*Problem statement:* What you output must be the exact lines from the first line of the data through the one holding "any @bubblesandtreatspnw Booking", with no pictures.

*Dataset records:*
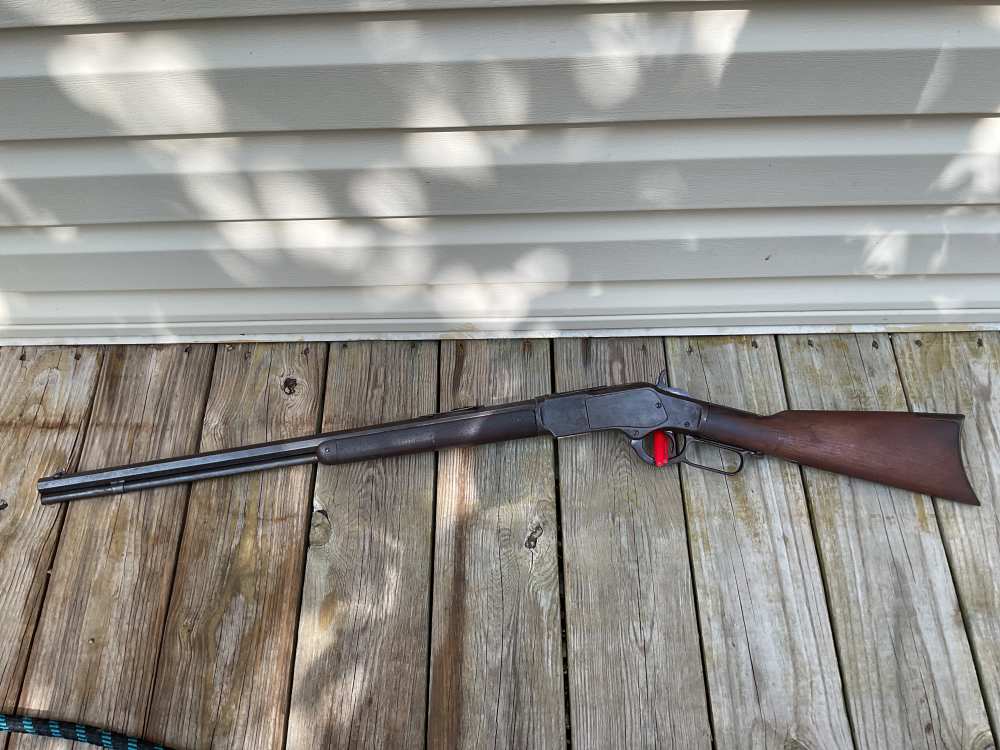 Winchester 1873 32WCF-img-1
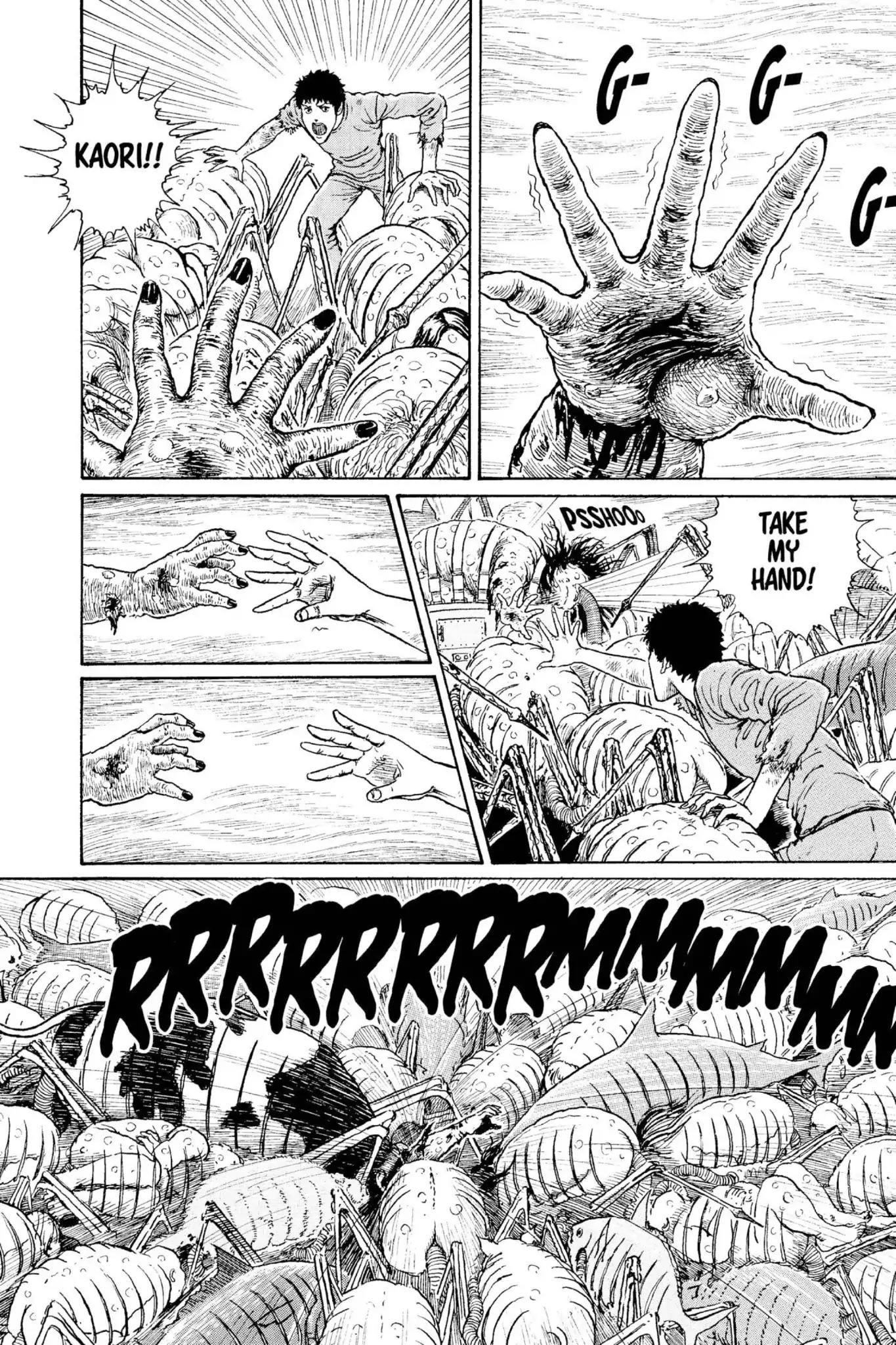 Gyo chapter 19 page 2
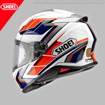 Shoei NXR 2 PROLOGUE TC10 Full Face Kapalı Motosiklet Kask 61/62 resmi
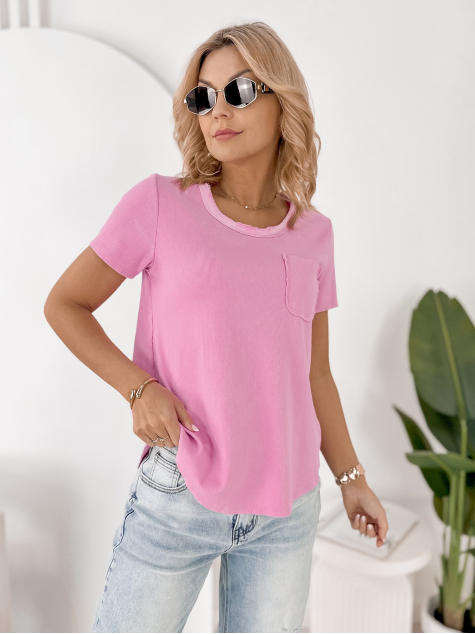 BLOUSE GIANCARLO PINK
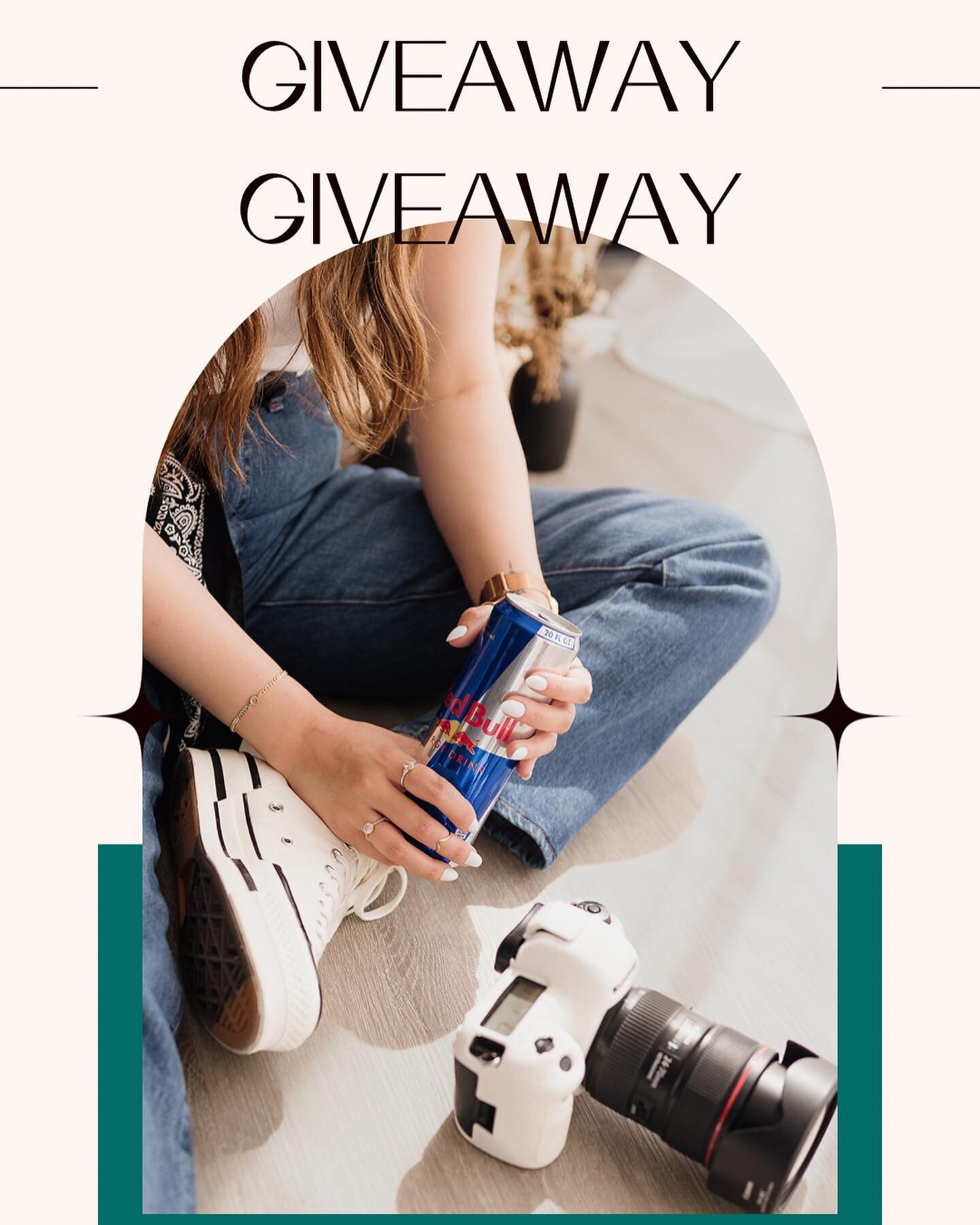 📸✨ Portland Event Giveaway! ✨📸

One person will win :

✨$150 off any @bubblesandtreatspnw Booking 
✨FREE 8ftBalloon Garland by @smallandmightyerp 
✨One 30min Mini Session with @graciebirkphoto 
✨Crumble Cookie Gift Card
✨Boutique Slippers
✨Bubbles 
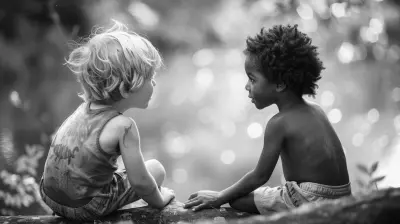 Encouraging Your Son to Build Friendships Based on Trust and Respect
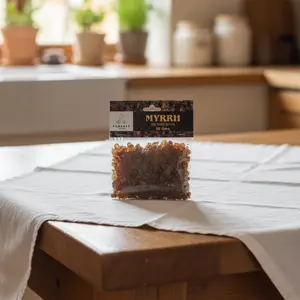 Myrrh Incense resin 50gr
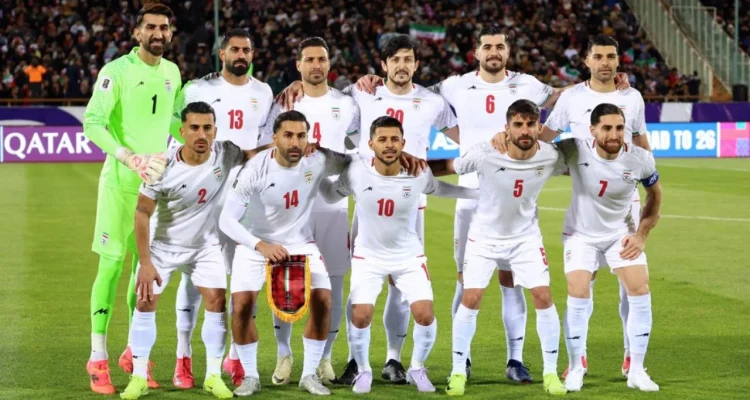 Piala Dunia 2026: Iran Pindahkan Latihan ke Meksiko, Persiapan Menuju Turnamen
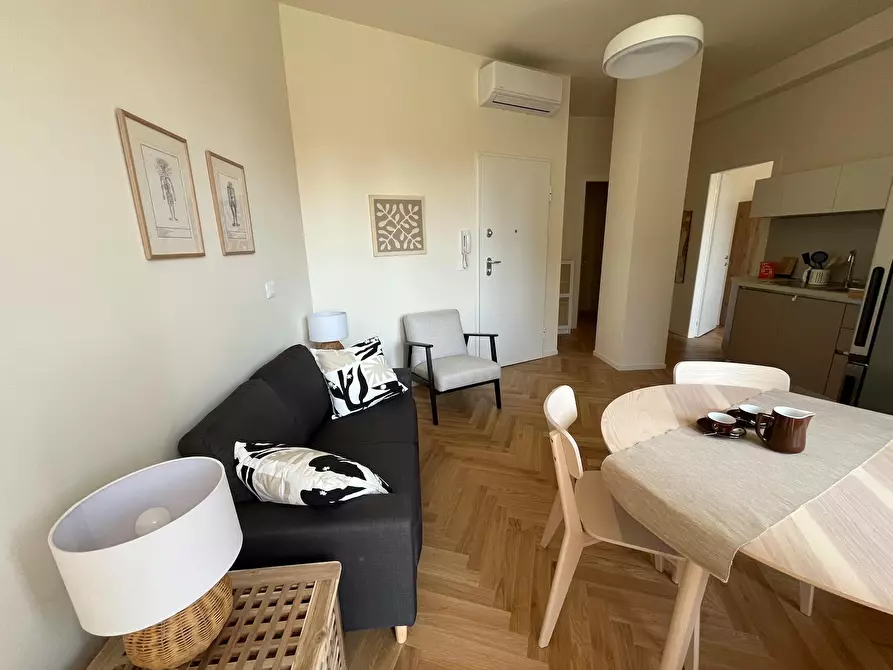 Immagine 4 di Appartamento in affitto  in Via Milazzo a Bologna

*Your response:*
 Winchester 1873 32WCF-img-1
 Gyo chapter 19 page 2
 Shoei NXR 2 PROLOGUE TC10 Full Face Kapalı Motosiklet Kask 61/62 resmi
 BLOUSE GIANCARLO PINK
 📸✨ Portland Event Giveaway! ✨📸

One person will win :

✨$150 off any @bubblesandtreatspnw Booking 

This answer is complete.